二、《〈西游记〉研究论文集》:建国以来(十七年间)《西游记》研究的精华
建国初期,伴随着新中国社会主义建设高潮,文化界、学术界也掀起了一次可喜的“复兴”,在各个门类都取得了令人瞩目的成果。为了展示古典文学研究方面的大好形势和巨大成就,作家出版社于1957年撷取其中精华,采取“分门别类,集中起来”的办法,编辑、出版了“古典文学研究文集”丛书,当年推出第一批包括《楚辞研究论文集》、《乐府研究论文集》、《元明清戏曲研究论文集》、《〈三国演义〉研究论文集》、《〈水浒传〉研究论文集》和《〈西游记〉研究论文集》共六种,编辑者遵循客观展现的原则,对所选论文“不作任何论点上的变动”,以达到据此“约略可以看出古典文学研究工作的发展情况”的目的[10]。由于众所周知的原因,1957年以后国内形势有所转向,极“左”思潮开始滋生、蔓延,直至走向于1966年爆发的十年“文革”,学术研究也日益受到窒息,这一出版项目遂停顿下来,关于《诗经》、三曹、唐宋八大家和《红楼梦》等其他领域的研究论文集便无缘出版。在这样的情况下,包括《西游记》在内的这一批研究论文集便尤显宝贵了。
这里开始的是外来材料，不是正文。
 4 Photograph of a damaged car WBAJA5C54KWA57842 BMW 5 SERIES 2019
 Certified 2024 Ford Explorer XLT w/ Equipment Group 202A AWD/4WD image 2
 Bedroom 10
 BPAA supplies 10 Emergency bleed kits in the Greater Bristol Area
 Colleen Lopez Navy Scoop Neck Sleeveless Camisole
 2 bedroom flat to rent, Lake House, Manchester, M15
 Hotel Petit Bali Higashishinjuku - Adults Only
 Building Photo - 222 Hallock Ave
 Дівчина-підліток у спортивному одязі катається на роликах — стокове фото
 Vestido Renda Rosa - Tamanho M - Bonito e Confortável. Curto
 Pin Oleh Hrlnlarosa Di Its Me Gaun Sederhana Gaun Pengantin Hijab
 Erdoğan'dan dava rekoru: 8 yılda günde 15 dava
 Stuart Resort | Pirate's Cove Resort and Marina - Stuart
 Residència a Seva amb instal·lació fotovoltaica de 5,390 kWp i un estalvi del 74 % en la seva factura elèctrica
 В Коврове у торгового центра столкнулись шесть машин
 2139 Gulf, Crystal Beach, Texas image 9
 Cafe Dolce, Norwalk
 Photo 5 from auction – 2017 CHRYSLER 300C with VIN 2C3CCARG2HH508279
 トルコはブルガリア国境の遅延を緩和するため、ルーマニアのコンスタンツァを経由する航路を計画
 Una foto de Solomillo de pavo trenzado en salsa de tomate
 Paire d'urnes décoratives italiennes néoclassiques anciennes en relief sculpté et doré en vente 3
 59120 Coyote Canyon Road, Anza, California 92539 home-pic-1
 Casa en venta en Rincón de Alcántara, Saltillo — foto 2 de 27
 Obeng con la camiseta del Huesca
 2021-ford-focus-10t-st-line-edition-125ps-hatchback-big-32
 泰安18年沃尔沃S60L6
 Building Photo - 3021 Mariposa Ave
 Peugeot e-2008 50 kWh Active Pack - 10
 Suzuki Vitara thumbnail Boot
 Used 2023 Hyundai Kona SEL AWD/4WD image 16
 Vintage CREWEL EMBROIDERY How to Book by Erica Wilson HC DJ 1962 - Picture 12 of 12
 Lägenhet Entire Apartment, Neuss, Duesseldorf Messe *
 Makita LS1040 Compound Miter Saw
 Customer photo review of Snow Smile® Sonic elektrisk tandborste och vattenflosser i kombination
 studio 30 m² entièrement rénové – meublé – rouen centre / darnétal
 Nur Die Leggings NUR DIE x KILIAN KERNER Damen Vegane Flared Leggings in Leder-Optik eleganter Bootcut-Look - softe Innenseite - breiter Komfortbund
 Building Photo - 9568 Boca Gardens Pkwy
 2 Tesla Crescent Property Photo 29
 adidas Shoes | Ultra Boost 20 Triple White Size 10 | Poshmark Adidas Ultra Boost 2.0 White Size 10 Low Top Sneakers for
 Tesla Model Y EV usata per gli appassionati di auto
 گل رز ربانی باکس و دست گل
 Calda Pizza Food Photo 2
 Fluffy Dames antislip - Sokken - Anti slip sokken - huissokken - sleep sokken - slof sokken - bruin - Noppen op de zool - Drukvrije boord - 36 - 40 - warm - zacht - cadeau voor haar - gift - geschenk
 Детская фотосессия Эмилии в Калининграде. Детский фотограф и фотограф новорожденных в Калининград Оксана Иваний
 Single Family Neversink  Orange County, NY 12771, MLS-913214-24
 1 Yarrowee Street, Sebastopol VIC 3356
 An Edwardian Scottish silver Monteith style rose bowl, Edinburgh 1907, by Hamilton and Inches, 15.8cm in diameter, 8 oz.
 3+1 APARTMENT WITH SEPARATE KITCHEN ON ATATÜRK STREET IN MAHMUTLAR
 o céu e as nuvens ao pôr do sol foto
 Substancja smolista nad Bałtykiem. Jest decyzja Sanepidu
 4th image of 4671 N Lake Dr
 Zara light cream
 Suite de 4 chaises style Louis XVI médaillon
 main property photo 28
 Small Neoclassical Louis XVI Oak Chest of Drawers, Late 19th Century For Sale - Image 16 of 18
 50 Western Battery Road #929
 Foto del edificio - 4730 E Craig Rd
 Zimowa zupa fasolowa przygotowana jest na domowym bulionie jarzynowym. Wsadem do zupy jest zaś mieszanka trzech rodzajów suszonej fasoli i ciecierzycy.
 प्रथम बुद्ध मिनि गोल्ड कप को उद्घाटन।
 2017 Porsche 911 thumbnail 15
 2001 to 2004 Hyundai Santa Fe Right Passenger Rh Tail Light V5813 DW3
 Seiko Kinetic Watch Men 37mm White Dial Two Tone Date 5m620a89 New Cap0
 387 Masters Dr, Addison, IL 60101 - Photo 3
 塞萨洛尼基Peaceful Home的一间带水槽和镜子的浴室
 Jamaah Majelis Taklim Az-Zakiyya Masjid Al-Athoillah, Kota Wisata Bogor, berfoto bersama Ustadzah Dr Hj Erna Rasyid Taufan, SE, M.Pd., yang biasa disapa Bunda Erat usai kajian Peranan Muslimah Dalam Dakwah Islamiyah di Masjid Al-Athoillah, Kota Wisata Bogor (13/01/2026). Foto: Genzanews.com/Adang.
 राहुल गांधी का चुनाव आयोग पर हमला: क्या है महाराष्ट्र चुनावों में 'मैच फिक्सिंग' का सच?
《〈西游记〉研究论文集》实际上保存了建国以来(十七年间)《西游记》研究的精华,是我们认识这一时期《西游记》学术史的主要资料。该集除了作家出版社编辑部的《出版说明》,收录论文十七篇,附录一篇,凡十八篇,目录如下:
《〈西游记〉札记》(张天翼);《读〈西游记札记〉》(沈玉成、李厚基);《〈西游记〉的现实性》(刘樱村);《〈西游记〉是怎样的一部小说?》(胡念贻);《〈西游记〉试论》(沈仁康);《试论〈西游记〉的主题思想》(童思高);《谈〈西游记〉》(张默生);《略谈〈西游记〉》(霍松林);《〈西游记〉读后的一些体会》(萧歌、竟华);《读〈西游记〉的几点心得》(李大春);《略论〈西游记〉的结构形式和语言工具的成就》(魏建功);《谈猪八戒》(方白);《〈西游记〉和古典戏曲的关系》(严敦易);《〈西游记〉里的道教和道士》(高熙曾);《〈西游记〉中对佛教的批判态度》(彭海);《论〈西游记〉的第九回问题》(黄肃秋);《有关〈西游记〉的一个问题》(秦绩);附录:《〈西游记〉的校订和注释工作》(黄肃秋)。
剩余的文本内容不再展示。